[Records provided Boundary: Start]

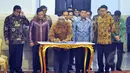Plt Ketua KPK Taufiequrachman Ruki menandatangani MoU tentang Gerakan Nasional Penyelamatan SDA di Istana Negara, Jakarta, Kamis (19/3/2015). 29 Kementerian serta 12 pemprov menandatangani MoU tersebut. (Liputan6.com/Faizal Fanani)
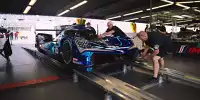 Technische Abnahme bei der IMSA: Ein GTP-Sportwagen auf der Hebebühne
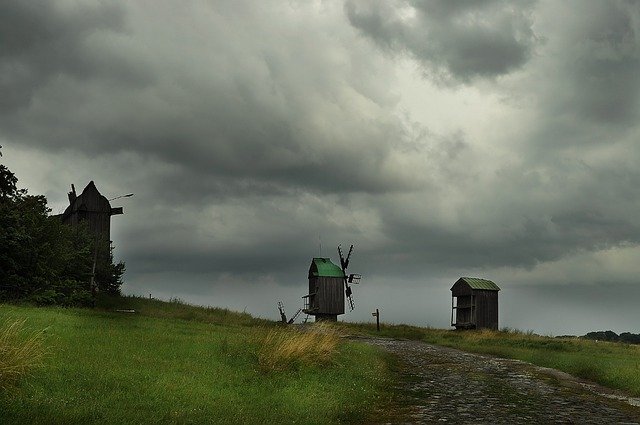 Darmowe pobieranie Mill Field Clouds - darmowe zdjęcie lub obraz do edycji za pomocą internetowego edytora obrazów GIMP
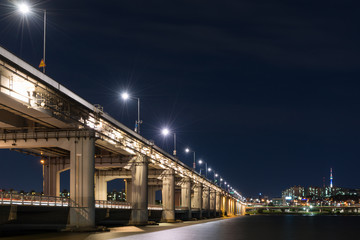 Nightview of Banpo Bridge (盤浦大橋夜景) in Seoul, Korea.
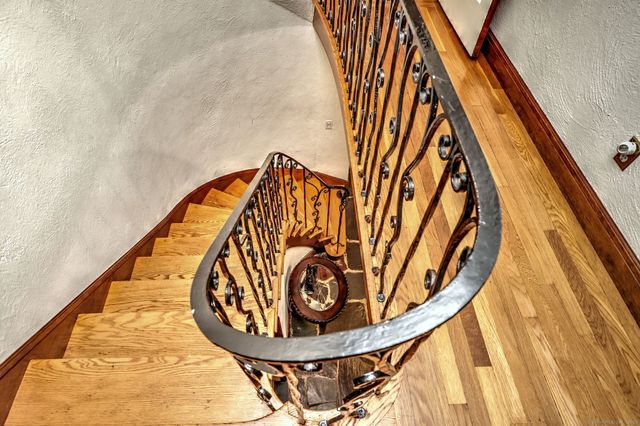 124 Churchill Road, Hamden, CT 06517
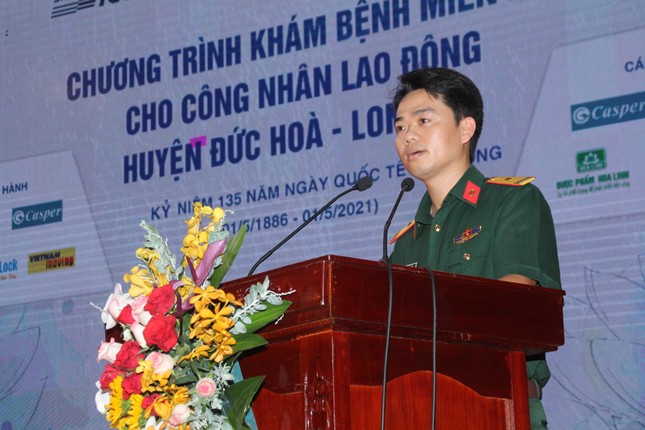 Khám bệnh, tặng quà cho 1.000 công nhân, người lao động Long An ảnh 9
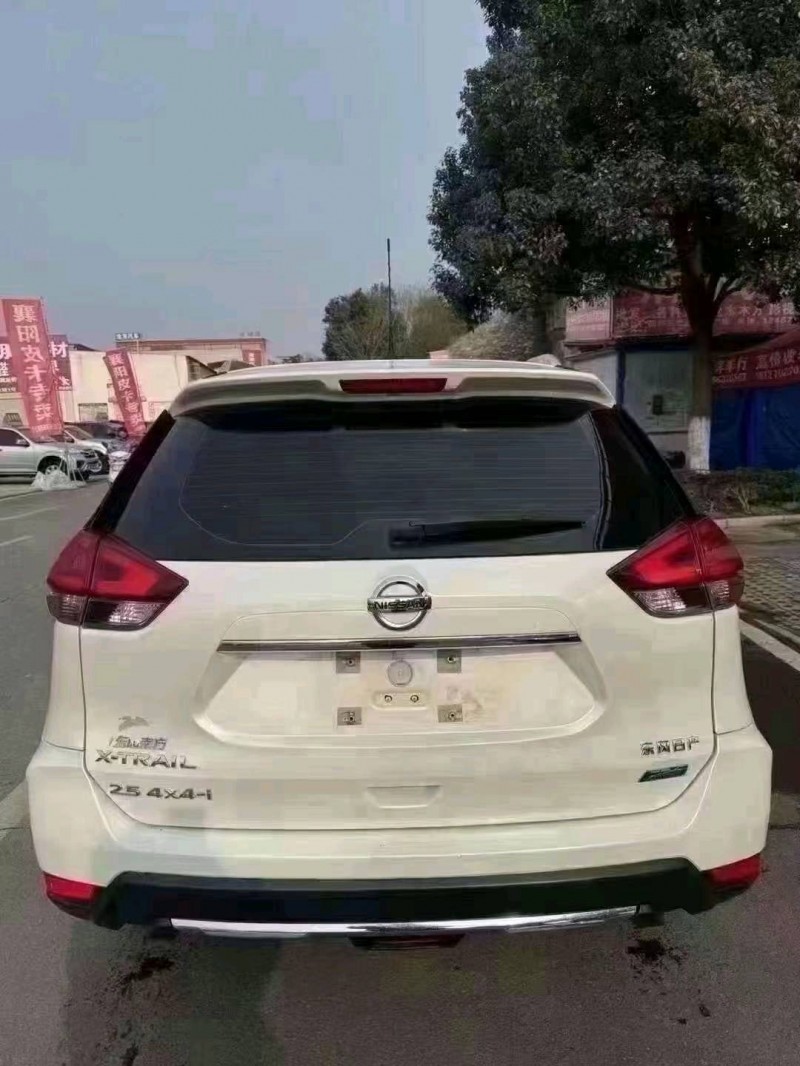 武汉19年日产奇骏5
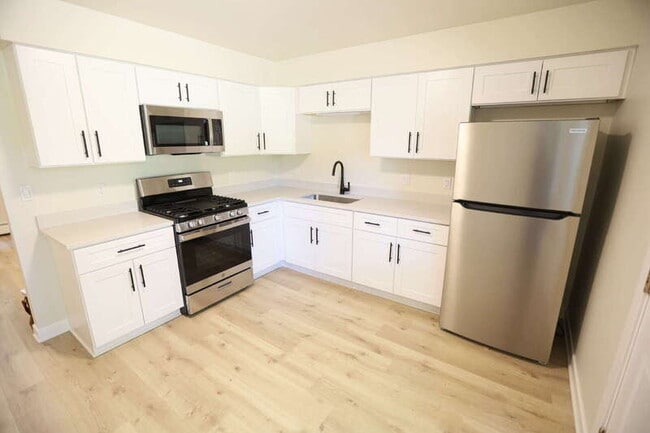 Photo - 3131 Copley St SW Unit #A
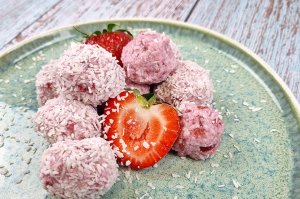 Erdbeer-Kokos Bliss Balls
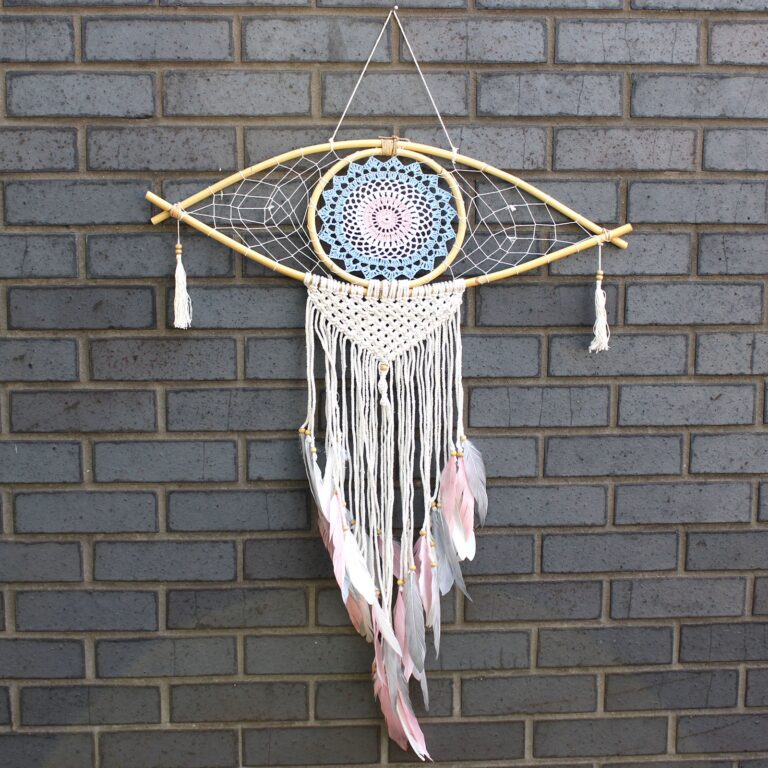 Protection-Dream-Cather-Lrg-Macrame-Eye-Blue-WhiePink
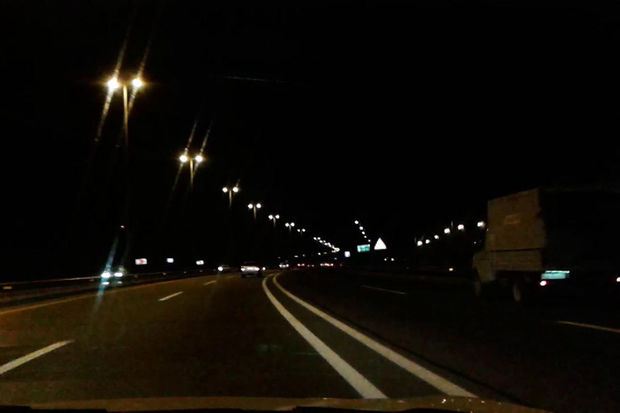 Sürücülərin NƏZƏRİNƏ: Bakıda aeroport yolunda...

[Records provided Boundary: End]

Task requirements
Can you quote exactly, and only, the lines from the one containing "Protection-Dream-Cather-Lrg-Macrame-Eye-Blue-WhiePink" through the last line of the records above, keeping both ends and leaving out any pictures?

Task answer
 Protection-Dream-Cather-Lrg-Macrame-Eye-Blue-WhiePink
 Sürücülərin NƏZƏRİNƏ: Bakıda aeroport yolunda...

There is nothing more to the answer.